“Ao analisar como se originam as primeiras sociedades, os pensadores modernos utilizaram a expressão “estado de natureza” para ilustrar esse momento prévio, anterior ao aparecimento dos primeiros agrupamentos humanos, no qual reinava a maior das liberdades, isto é, no qual o homem vivia de acordo com a natureza, sem nenhuma restrição social — nem leis, nem normas, nem deveres… –, como os animais; estado no qual imperava a lei do mais forte, na expressão de Hobbes, numa espécie de “guerra de todos contra todos“. Semelhante estado de natureza teria mais um valor hipotético do que real: serviria para, a partir dele, reconstruir racionalmente o aparecimento do “estado civil“. Face a esse estado “selvagem” levantar-se-ia o “estado civil“, no qual o homem decidiria conviver pacificamente regendo-se por normas. Os motivos que levam o homem natural a ceder a sua liberdade absoluta, bem como a forma de realizar esse pacto ou contrato social, será o que caracteriza a conceção dos diversos pensadores”
[leia aqui a resposta de Thomas Hobbes a estes problemas].
(GONZÁLEZ RUIZ, Fernando. GONZÁLEZ RUIZ, Agustín. Filosofía: Bachillerato: 1º. Madrid: Ediciones Akal, 2002, p. 341)

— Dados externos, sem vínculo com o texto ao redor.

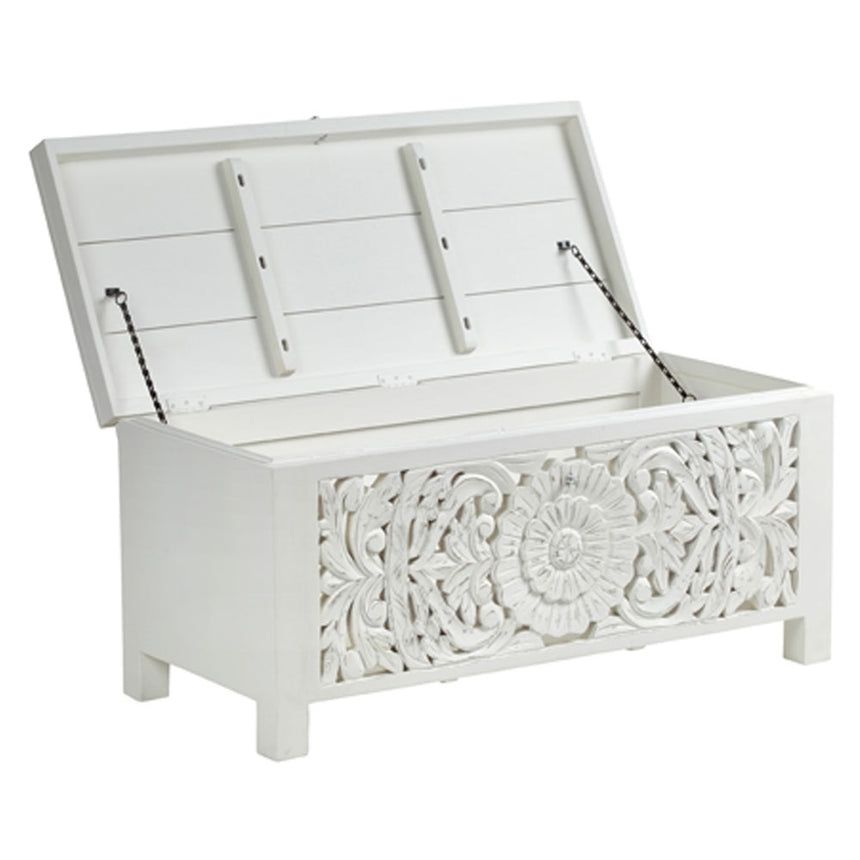 Boho White Carved Blanket Box - 1 Door-3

Jonathan Wolff [Introdução à filosofia política. Lisboa: Gradiva, 2004, p. 18-20] pergunta se alguma vez terá existido um estado de natureza:
“Muitos filósofos parecem relutantes em comprometer-se relativamente a este assunto. Jean-Jacques Rousseau (1712-1778), por exemplo, pensava que levaria tanto tempo a passar de um estado de natureza para a «sociedade civil» (uma sociedade governada por um estado formal), que se tornava blasfemo supor que as sociedades modernas teriam surgido dessa forma. Afirmava que o tempo necessário à transição seria superior à idade do mundo, tal como registada nas escrituras. Por outro lado, Rousseau também pensava que havia exemplos contemporâneos de povos a viver num estado de natureza, enquanto John Locke (1632-1704) pensava que isto se aplicava a muitos grupos que viviam na América do século XVII.

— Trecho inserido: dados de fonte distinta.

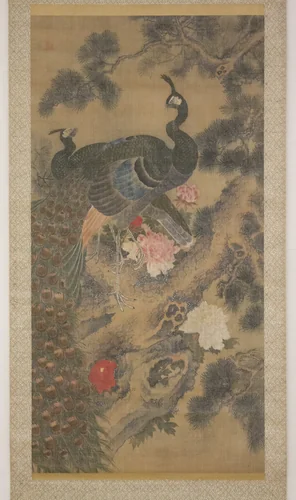 Peacocks, Pine Tree, and Peonies by Lü Ji (呂紀), painting, 1800-1899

Mas mesmo que nunca tenha existido um verdadeiro estado de natureza, podemos, ainda assim, considerar como seria a vida se, hipoteticamente, nos víssemos sem um estado. Thomas Hobbes (1588-1679), profundamente preocupado com a guerra civil inglesa, pensou ver o seu país afundar-se num estado de natureza. Em Leviatã, traçou um quadro negro dessa situação hipotética, esperando convencer os leitores das vantagens do governo. Da mesma forma, para os fins deste capítulo, não precisamos de dedicar muito tempo a debater a questão de saber se, na verdade, os seres humanos alguma vez terão vivido num estado de natureza. Só precisamos de defender que isso é possível.
É possível? Por vezes, diz-se que não só os seres humanos sempre viveram sob um estado, como essa é a única forma de eles conseguirem viver. De acordo com esta perspetiva, o estado existe naturalmente, no sentido de ser natural para os seres humanos. Talvez não fôssemos seres humanos se vivêssemos numa sociedade sem estado. Talvez fôssemos uma forma inferior de vida animal. Se os seres humanos existem, também existe o estado. A ser verdadeira esta perspetiva, a especulação acerca do estado de natureza revela-se redundante.

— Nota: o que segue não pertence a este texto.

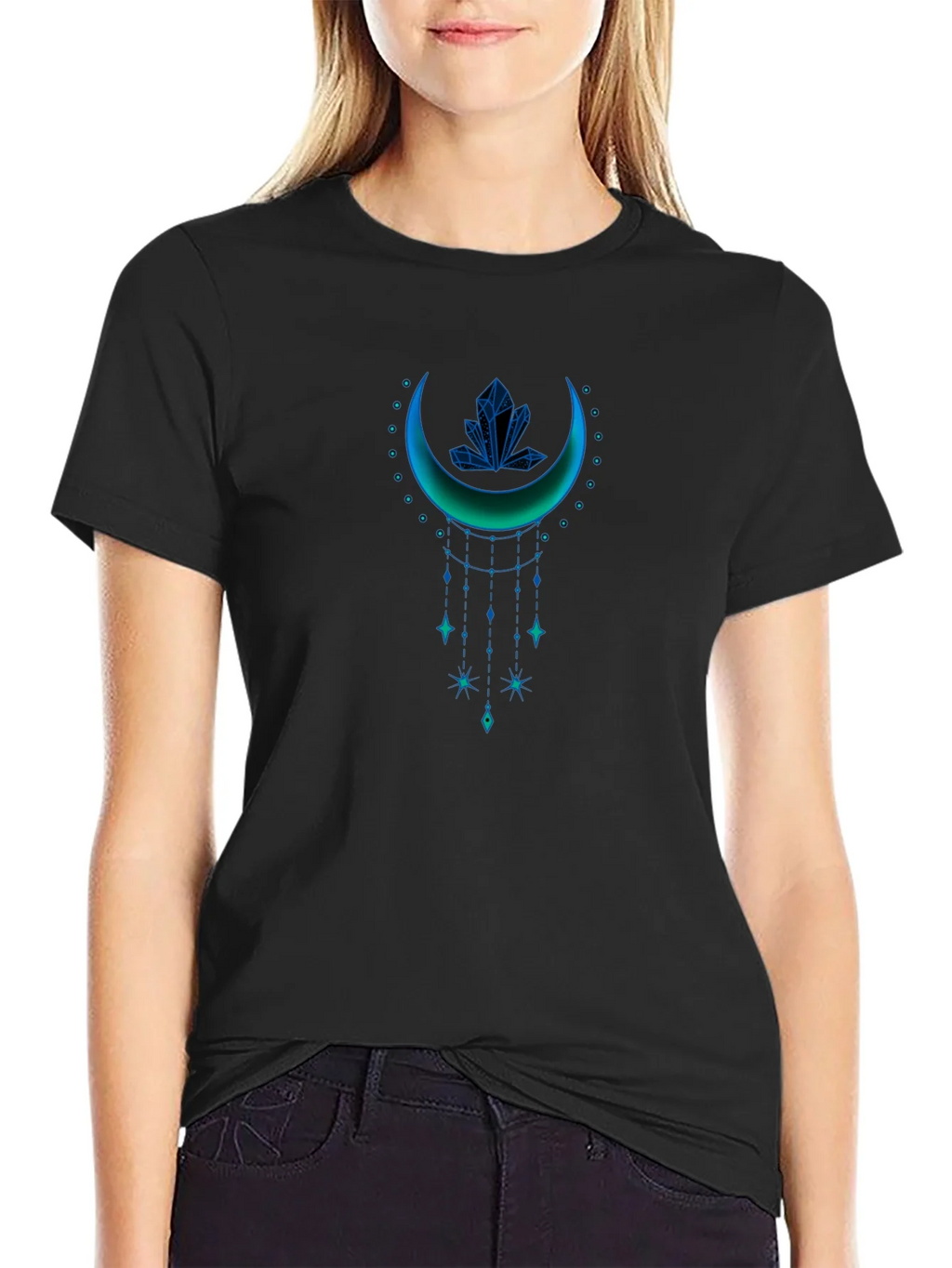 Mystic Crescent Graphic Tee - Celestial Style product image 2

Reagindo a esta ideia, alguns filósofos afirmam que temos inúmeras provas de que os seres humanos foram capazes de viver sem estado. Estas afirmações foram vitais para a teoria apresentada pelos autores anarquistas […]. Mas mesmo que os seres humanos nunca tenham vivido, durante tempo algum, sem estado, é muito difícil perceber como se pode afirmar que é absolutamente impossível fazê-lo. E assim, para tentar compreender por que temos estado, partiremos do princípio de que os seres humanos podiam dar conseigo num mundo onde este não existisse. Como seria esse mundo?”
[já lhe indiquei, acima, a resposta de Hobbes a esta pergunta]
O pretexto para a escrita deste texto foi o tema Ética, direito e política, da rubrica A dimensão ético-política do programa de Filosofia do 10º ano.